⟨

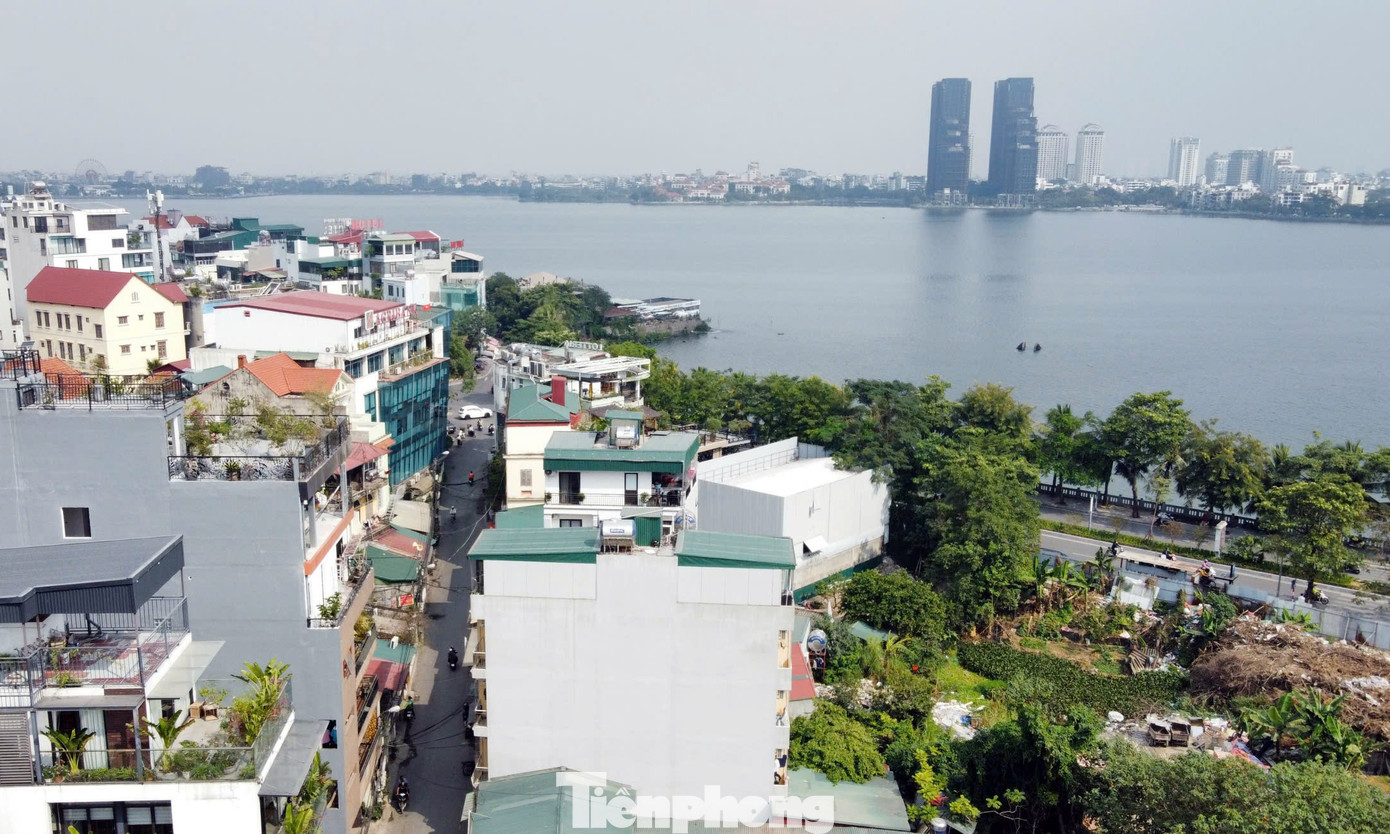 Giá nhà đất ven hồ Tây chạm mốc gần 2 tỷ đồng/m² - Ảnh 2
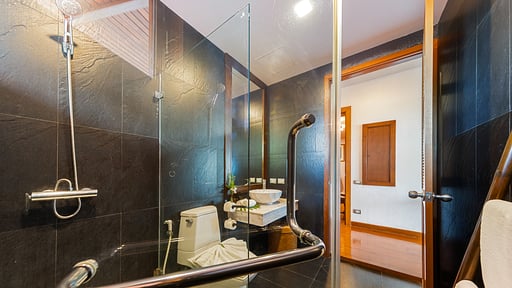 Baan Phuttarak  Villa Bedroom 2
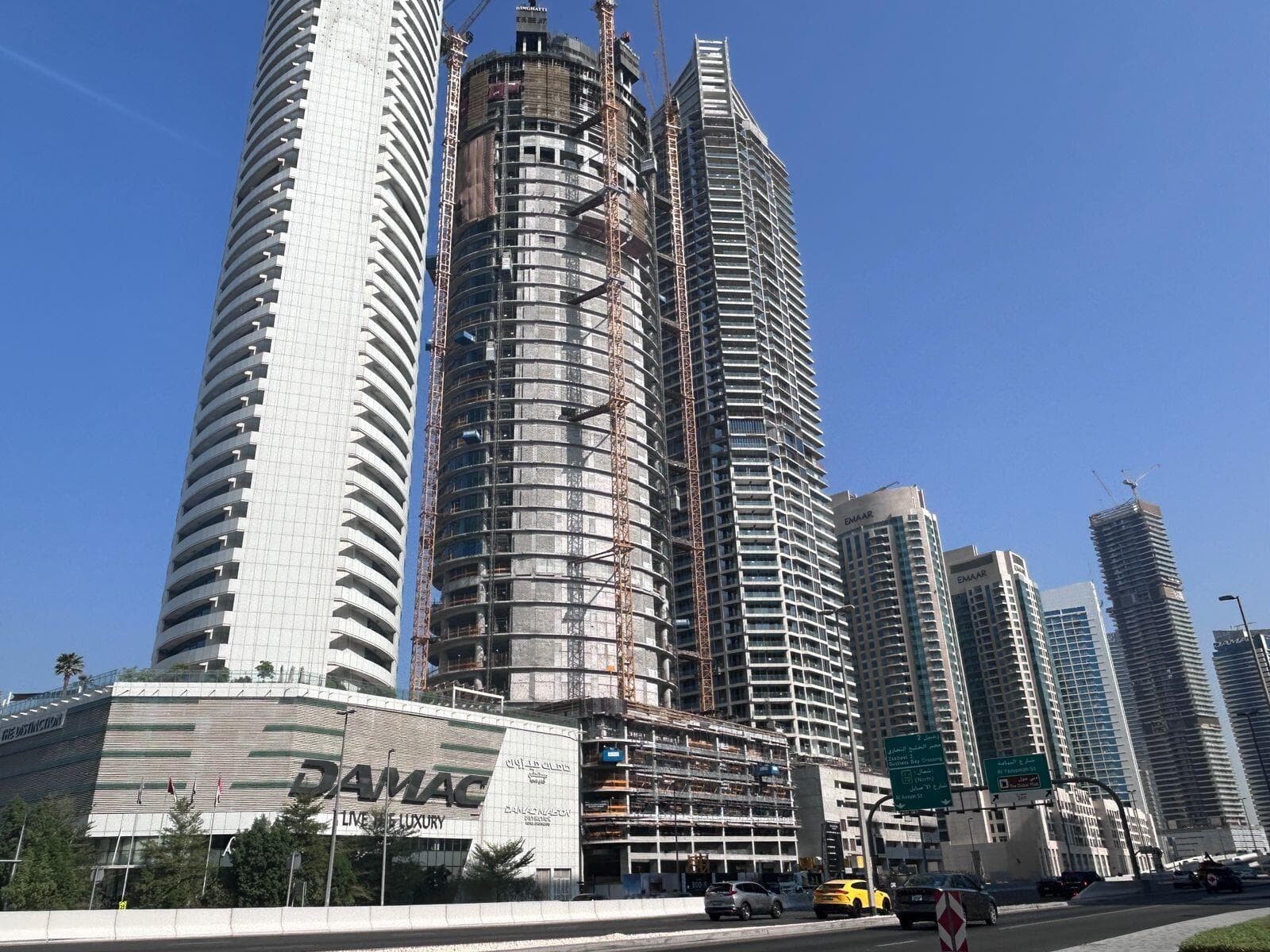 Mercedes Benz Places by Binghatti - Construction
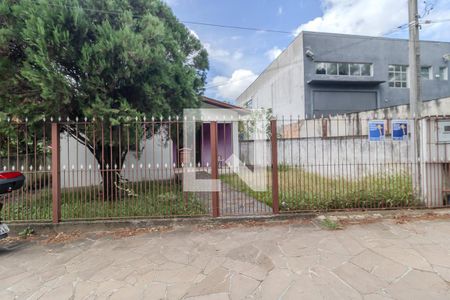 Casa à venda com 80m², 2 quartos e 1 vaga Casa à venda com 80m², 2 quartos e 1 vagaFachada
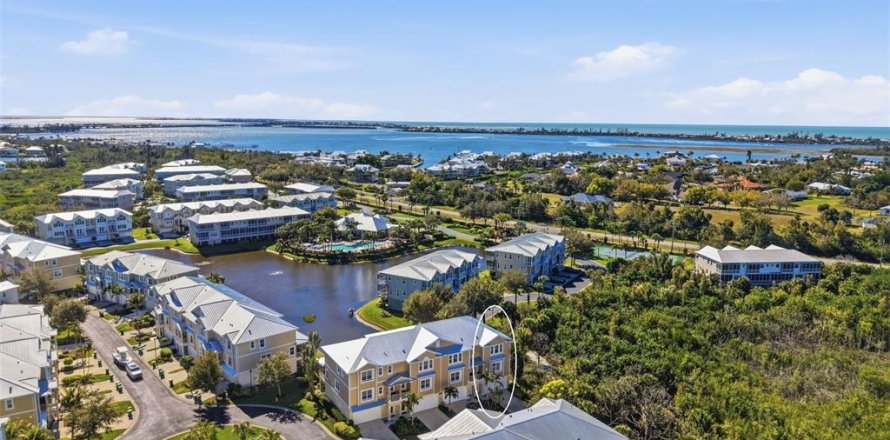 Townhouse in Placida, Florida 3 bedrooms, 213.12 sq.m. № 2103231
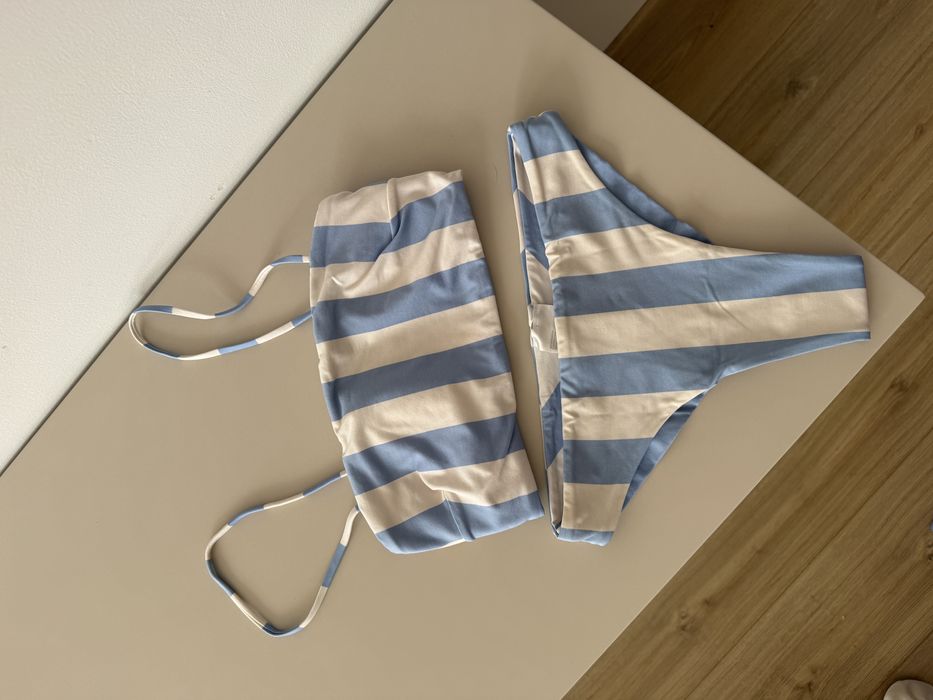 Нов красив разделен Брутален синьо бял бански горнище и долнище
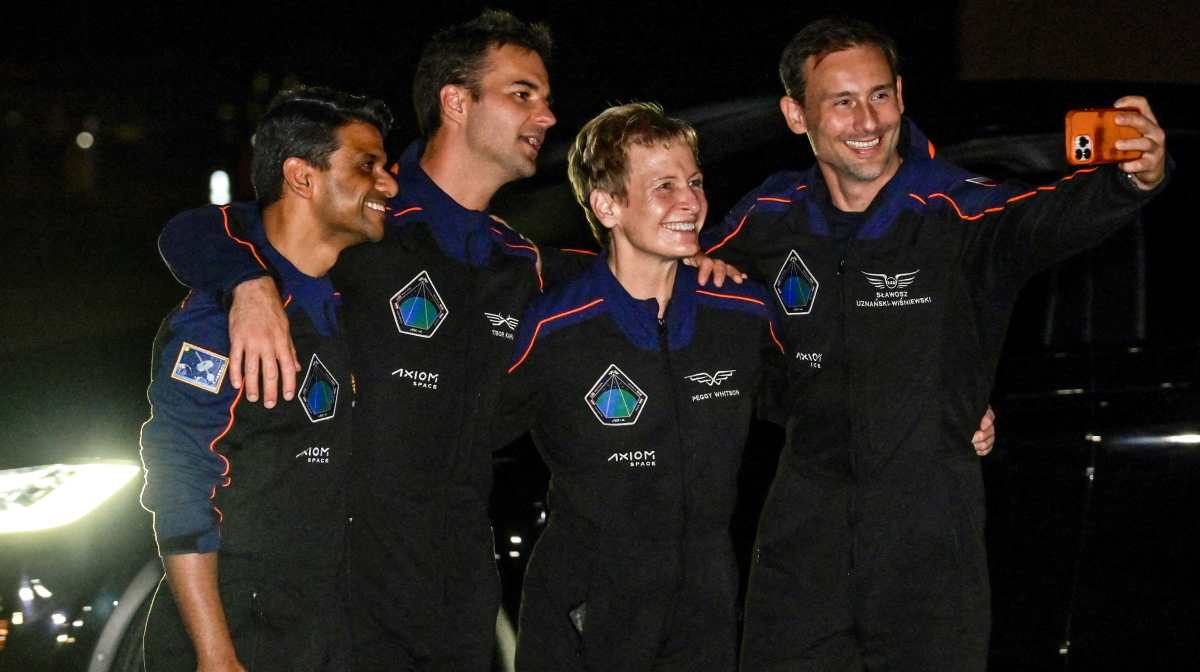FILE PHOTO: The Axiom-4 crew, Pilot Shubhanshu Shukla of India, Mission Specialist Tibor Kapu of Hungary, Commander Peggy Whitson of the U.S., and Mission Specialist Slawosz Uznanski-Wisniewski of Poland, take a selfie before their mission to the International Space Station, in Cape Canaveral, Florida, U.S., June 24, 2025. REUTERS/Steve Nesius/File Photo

⟩

What you need to do:
Above are some records. Reproduce the lines from the one with "Townhouse in Placida, Florida" down to the one with "Нов красив разделен", keeping both, and leave every picture out.

Task response:
 Townhouse in Placida, Florida 3 bedrooms, 213.12 sq.m. № 2103231
 Нов красив разделен Брутален синьо бял бански горнище и долнище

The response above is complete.